If the sampling value has not reached the reference value, the storage battery is in a normal state as shown by the solid line in FIG. Then, no alarm output is output from the comparator 14. Therefore, when a short time of the set timer circuit 12 elapses, the timer circuit 12 times out and outputs a reset signal to the timer circuit 11. The long-time timer circuit 11 is reset by the reset signal, and the long-time timer circuit 11 starts counting. Further, the drive signal is output to the drive circuit 4 by the time-up of the timer circuit 12, the rectifier 3 outputs the initial output voltage, and the storage battery 7 performs the recovery charge and the floating charge.

If the sampling value has reached the reference value, that is, if the battery voltage has dropped below the reference value, an alarm output is output from the comparator 14 and the alarm display 1
6 indicates an alarm. For this reason, the reduced life of the storage battery 7 is automatically detected and an alarm is displayed. Based on the display, the storage battery 7 can be reliably replaced when the appropriate reduced life state is reached.

[0019]

As described above, according to the present invention, since the sealed storage battery is discharged via the load at every set period, the loss is small and there is no need to provide a special discharge circuit which was conventionally required, and the uninterruptible power supply is not required.

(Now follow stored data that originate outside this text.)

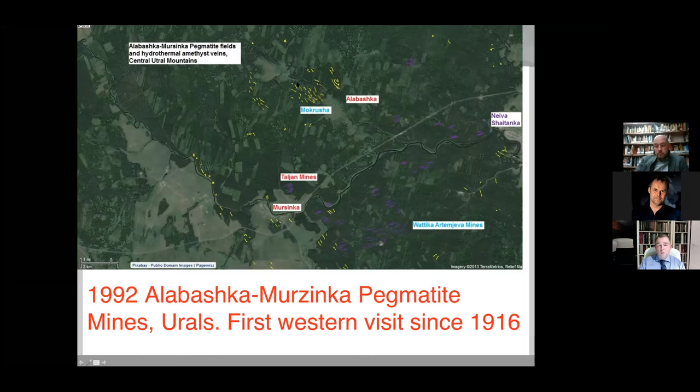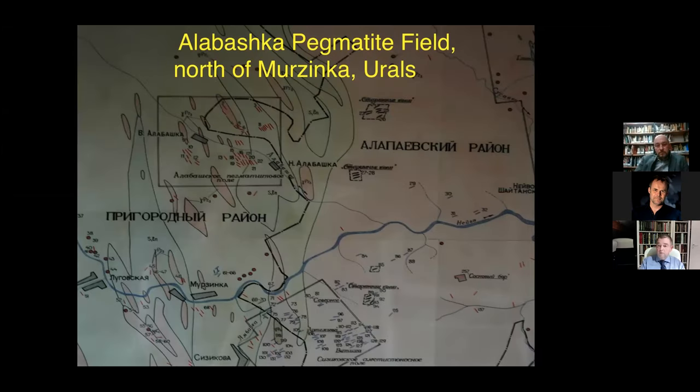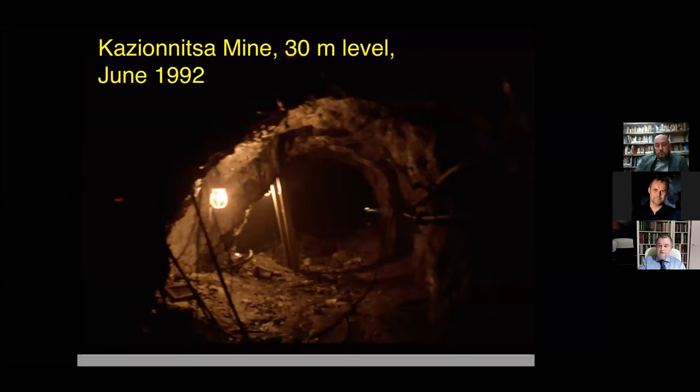Here I've marked the main deposits — Alabashka, Murzinka — with the purple indicating amethyst. Here is a picture from Murzinka village from a friend's daughter, whose father Sergey Borshchev was a geologist who worked the mines in the 1980s and 90s when I first visited in 1992. I've marked all the pegmatites in yellow. Nearby are younger hydrothermal veins filled with amethyst — originally called Murzinka amethysts, later called Siberian amethysts. Here is a hand-painted detailed map given to me by the chief geologist of the last mining company — a great honor.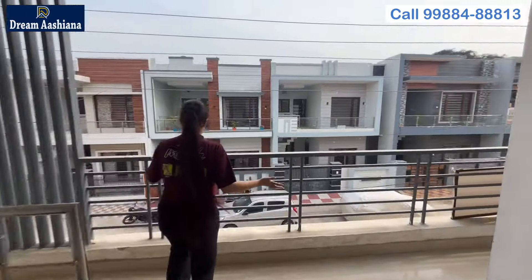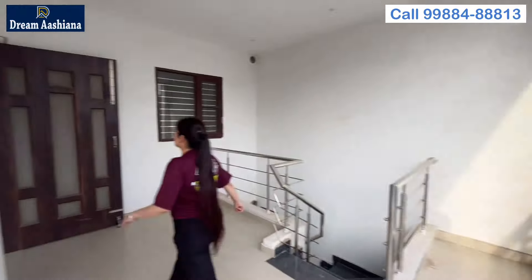Let's go to the first floor. On the first floor there is a spacious balcony, and on this side is the third bedroom with false ceiling and LED lights, with an attached washroom with branded sanitary fittings. On this side is the wardrobe, and on this side is the first floor modular kitchen with cabinets on both sides. Let's see the terrace — how spacious it is.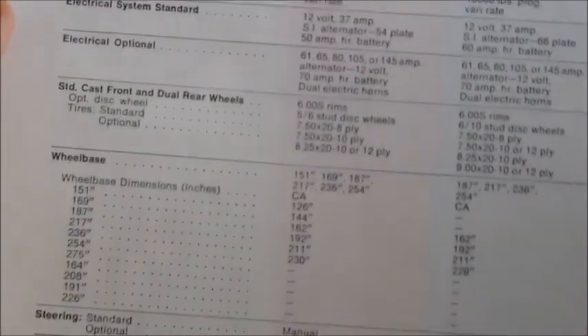The next page is specs for each chassis — just a spec sheet talking about what each chassis offers and how you can get it and stuff like that.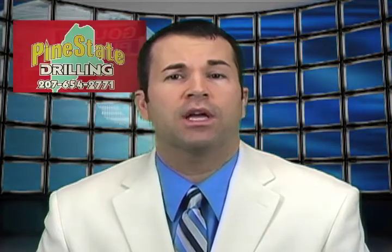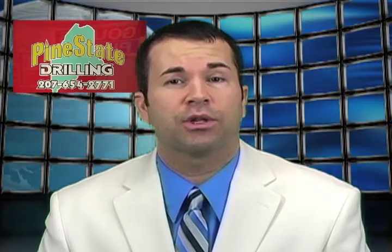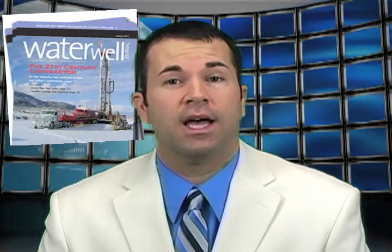Geothermal uses no fossil fuels, so it is clean energy, and a clever hedge against rising oil and gas prices. Pine State Drilling has been a Maine-owned and operated business since 1969. Last month, lead driller Chad Grignan was featured in Water Well Journal. Recently, he sat down with Maine Web News.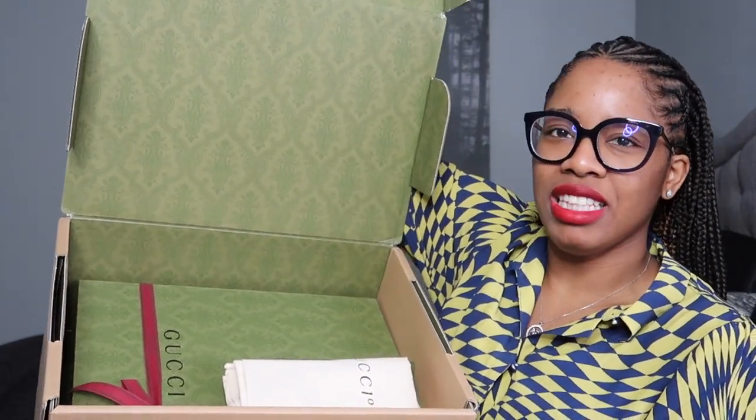So I have yet another Gucci unboxing for you all. I literally pretty much every time I unbox something I just get it. So this is the box. I decided for the first time that I was just going to at least open up the box, because usually it's a hassle for me.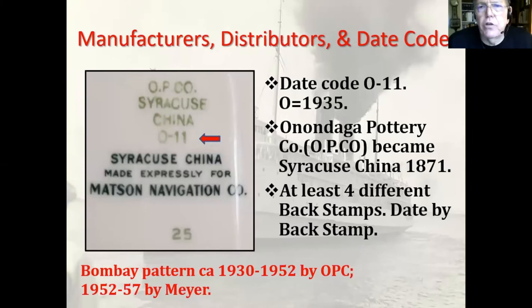That date code 0-11: the zero means 1935, which I found in a reference. The OP Company is the Onondaga Pottery Company, which became Syracuse China in 1871. They used at least four different backstamps during the period they were manufacturing this pottery for Mattson's Bombay pattern between 1930 and 1952. Then Mattson switched to Mayer, who manufactured the pattern for them — which perhaps means Syracuse did not hold a registered pattern for them.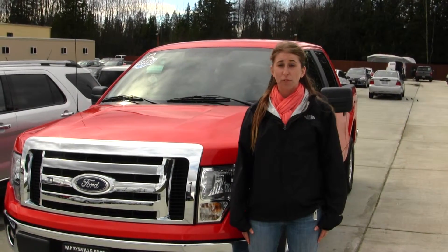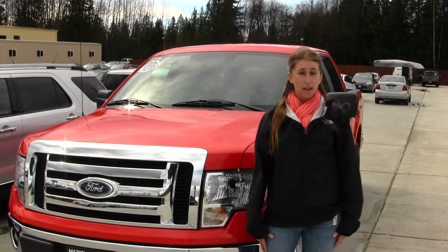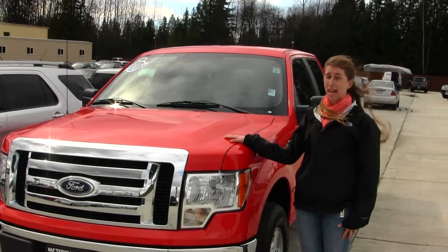Hi, this is Chelsea. Today I'm at Marysville Ford, located off I-5 at the corner of 136 and Smoky Point Boulevard. Today we're looking at this beautiful fire engine red 2012 Ford F-150 XLT.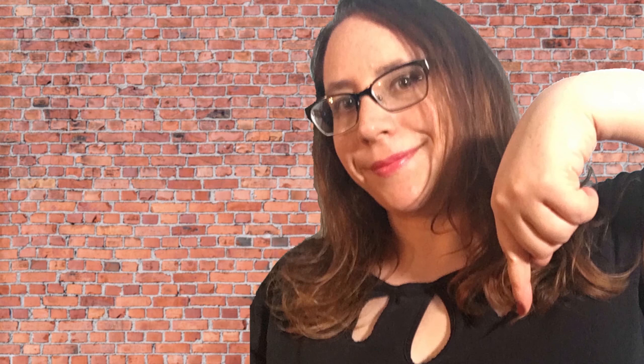Thank you very much, Daniel. Thank you everybody for watching. This has been Everyday Expertise. Be sure to share this video with friends and colleagues who may also enjoy this topic, and let us know your thoughts by leaving a comment below, or check the description for our social media. See you next time.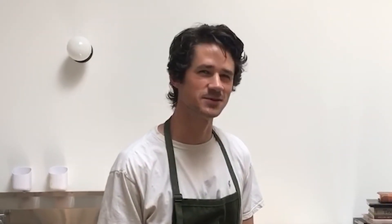So I just sent my young printmaking friend a text message. I asked him if he wanted to meet me at the parlor for some ice cream. Oh, that's him now. Excuse me. 'Ron, I'd love to get ice cream with you, but what's a parlor?'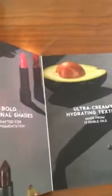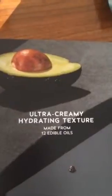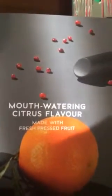Time for another Influenster unboxing, and this is a product from Bite Beauty, Amuse Bouche, a new lipstick line that's going to be available at Sephora starting this coming month. Beautiful colors — there's 34 shades, all handcrafted. Love the fact that it's a very creamy texture, and they're made from 12 different edible oils, so not surprisingly, they have a really nice citrus flavor.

The device can be downsized.

[Brief description of the drawings]

FIG. 1 is a block diagram showing an embodiment of a method for detecting the life of a sealed storage battery according to the present invention.

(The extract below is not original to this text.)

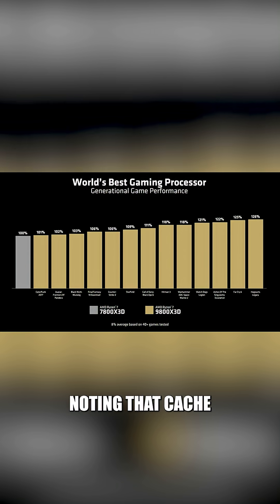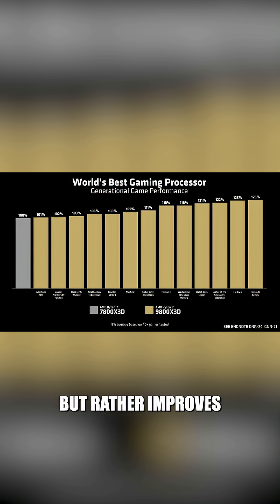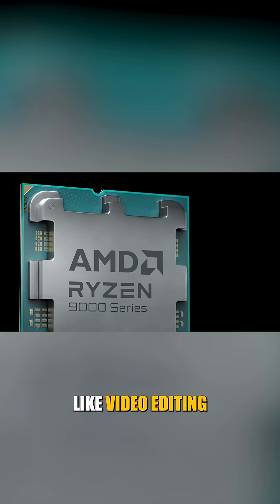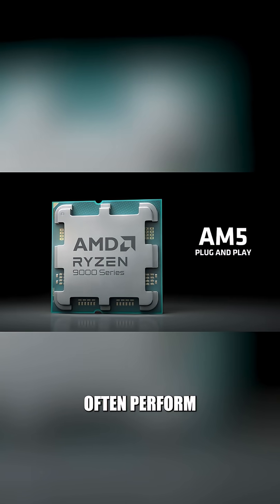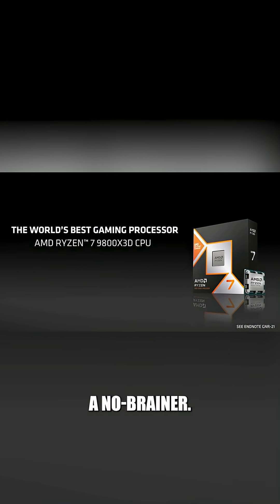However, it's worth noting that cache doesn't increase raw processing power, but rather improves efficiency in accessing game-relevant data. For tasks like video editing or 3D rendering, non-X3D models often perform better. So if gaming is your top priority, X3D is a no-brainer.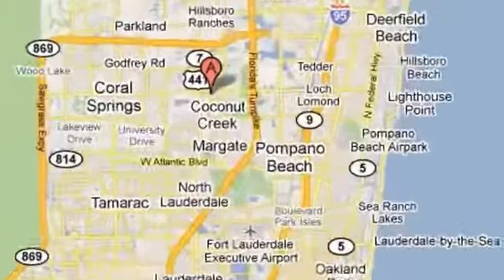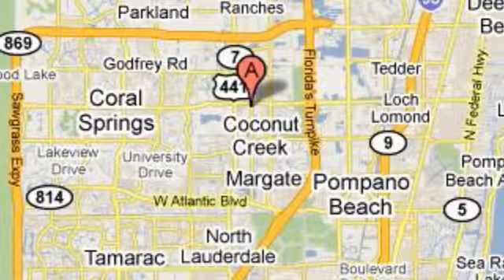We're conveniently located just east of 441 on Sample Road in Margate, Florida, just west of the Turnpike.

FIG. 2 is a discharge characteristic diagram of a sealed storage battery.

[Explanation of symbols]

 DESCRIPTION OF SYMBOLS 1 Uninterruptible power supply tank 2 Rectifier 4 Drive circuit 5 Inverter 7 Seal storage battery 10 Load 11 Long time timer circuit 12 Short time timer circuit 13 Voltage detector 14 Comparator 15 Reference value output circuit 16 Alarm display 17 Current detector

──────────────────────────────────────────────────続 き Continued on the front page (51) Int.Cl. ⁶ Identification code FI H02J 9/06 504 H02J 9/06 504B

Claims (1)

[Claims] 1. A rectifier for rectifying and controlling the output of a sealed storage battery and a commercial AC power supply and for floatingly charging the sealed storage battery, and a dc output of the rectifier or an output of the sealed storage battery as an input. In the method for detecting the life of a sealed storage battery of an uninterruptible power supply comprising an inverter for converting to an equivalent AC power supply, the DC output of the rectifier is reduced every set period, and the sealed storage battery is connected to the inverter via the inverter. A discharge current is supplied to the load, and when a decrease in the battery voltage of the sealed storage battery with respect to a unit current-time product by the discharge current is larger than a reference value, a decrease in the life of the sealed storage battery is detected and an alarm is displayed. A method for detecting the life of a sealed storage battery.